RHYMESTER宇多丸さんがTBSラジオ「アフター6ジャンクション」(https://www.tbsradio.jp/a6j/)
で、『花束みたいな恋をした』のネタバレなし解説レビューを紹介されていましたので書き起こしします。

映画視聴前の前情報として、また、映画を見た後の解説や考察レビューとして是非ご参考ください。

宇多丸さん『花束みたいな恋をした』解説レビューの概要

①恋愛の一番いい時期と、もうダメになっちゃった時期を1つの作品の中で対比させる
②純愛映画ではなくて、純・恋愛映画
③ドラマを起こすための外部要因というものを持ち込まない
④絹ちゃんと麦くんと○○、この3つがこの映画の主人公
⑤倦怠カップル物の見所は口論シーン。現代日本の口論シーン、カップルの口論シーンとして、本当に最高にリアルでツライ

※○○の中に入る文章は、この記事の1番最後で公開しています。
TBSラジオ「アフター6ジャンクション」でラジオ音源を聞いて頂くか、書き起こし全文をご覧頂くか、この記事の1番最後を見て頂く事で判明します。

映画『花束みたいな恋をした』宇多丸さんの評価とは

さぁここからは、私宇多丸が、ランダムに決まった最新映画を自腹で鑑賞し評論する週刊映画時評ムービーウォッチメン。今夜扱うのは、1月29日から公開されているこの作品!『花束みたいな恋をした』。

〜音楽〜

引用:IMDb.com

『花束みたいな恋をした』あらすじ

はい。これ私、先ほどオープニングで言った大友良英さんのね、劇伴。聞くだけでちょっと、涙腺が激しく刺激されて危険という音楽でございます。『東京ラブストーリー』『最高の離婚』など、数々のヒットドラマを手がけてきた、坂元裕二のオリジナル脚本を、菅田将暉と有村架純の主演で映画化。終電を逃したことから偶然に出会った、大学生の山音麦と八谷絹。2人の5年間の恋を描く。監督は、坂元裕二脚本のドラマ『カルテット』の演出も手がけた土井裕泰さん、という事でございます。
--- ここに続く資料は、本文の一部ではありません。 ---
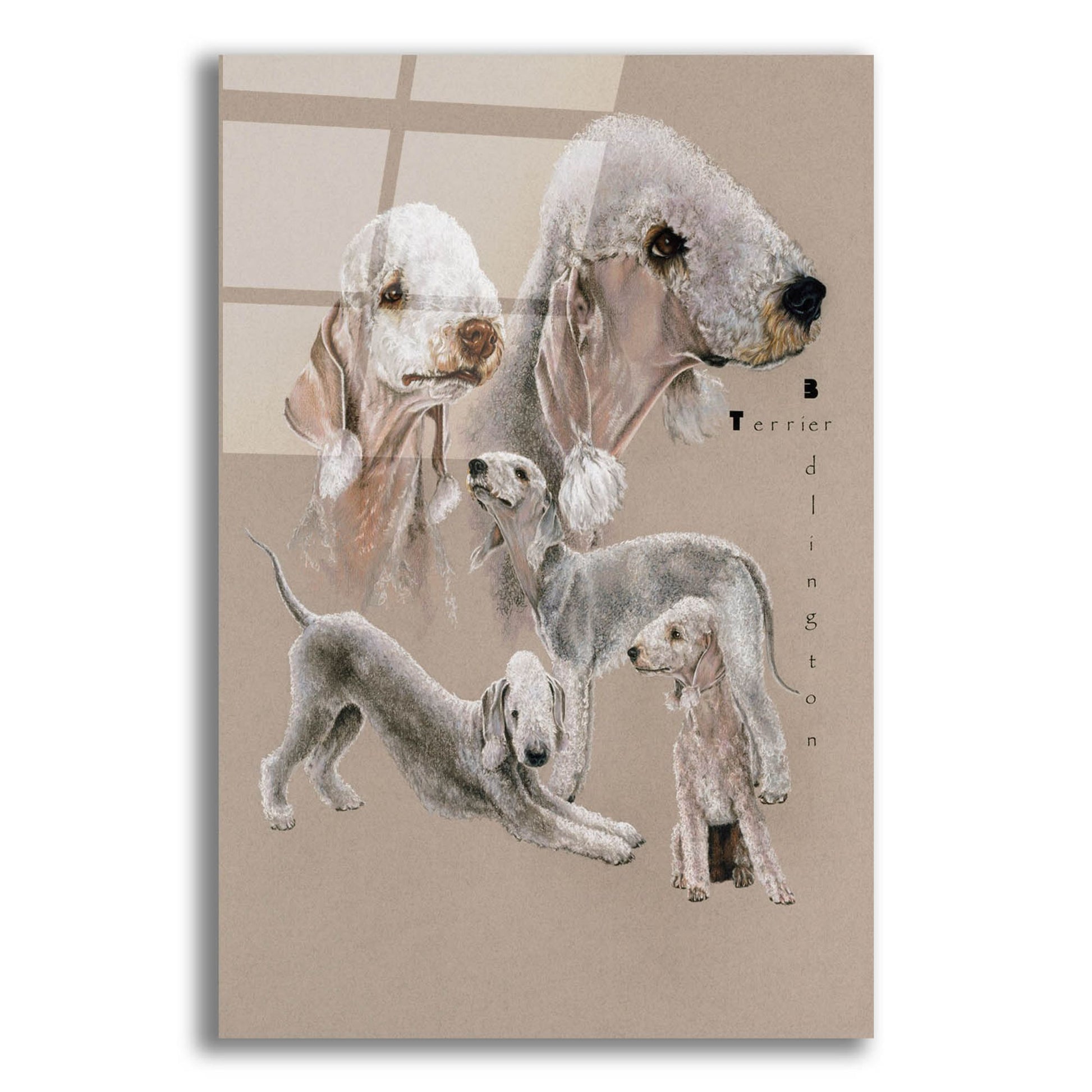 Epic Art 'Bedlington Terrier' by Barbara Keith, Acrylic Glass Wall Art,12x16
映画『花束みたいな恋をした』を鑑賞した一般の方の感想

ということで、この『花束みたいな恋をした』見たよ〜というウォッチメンのみなさんからの感想、メールでいただいております。監視報告、ありがとうございます。メールの量は「とても多い」。これあの、評判がね、もう去年の試写の段階からすごく伝わってきたので、評判が広がっているんだと思います。実際ヒットしている。賛否の比率は「褒め」の意見が8割。残りが「良くなかった」という声でございました。

主な褒めの意見としては、「ラストで号泣。今年の暫定ベスト。」「これはアトロクリスナーに刺さる。とても他人事とは思えない。」「坂元裕二脚本らしい特徴的なセリフ回しも堪能できた。」「主演2人の演技はもちろん。美術、撮影全てがよい。」などございました。また多くの人が自分の話をするのも今作の感想の特徴。やっぱり自分のね、自分史を投影するタイプのね作品ですよね。猛然と自分の話も、自分の事も思い出すという、記憶のちょっと扉を開かれたりもしますよね。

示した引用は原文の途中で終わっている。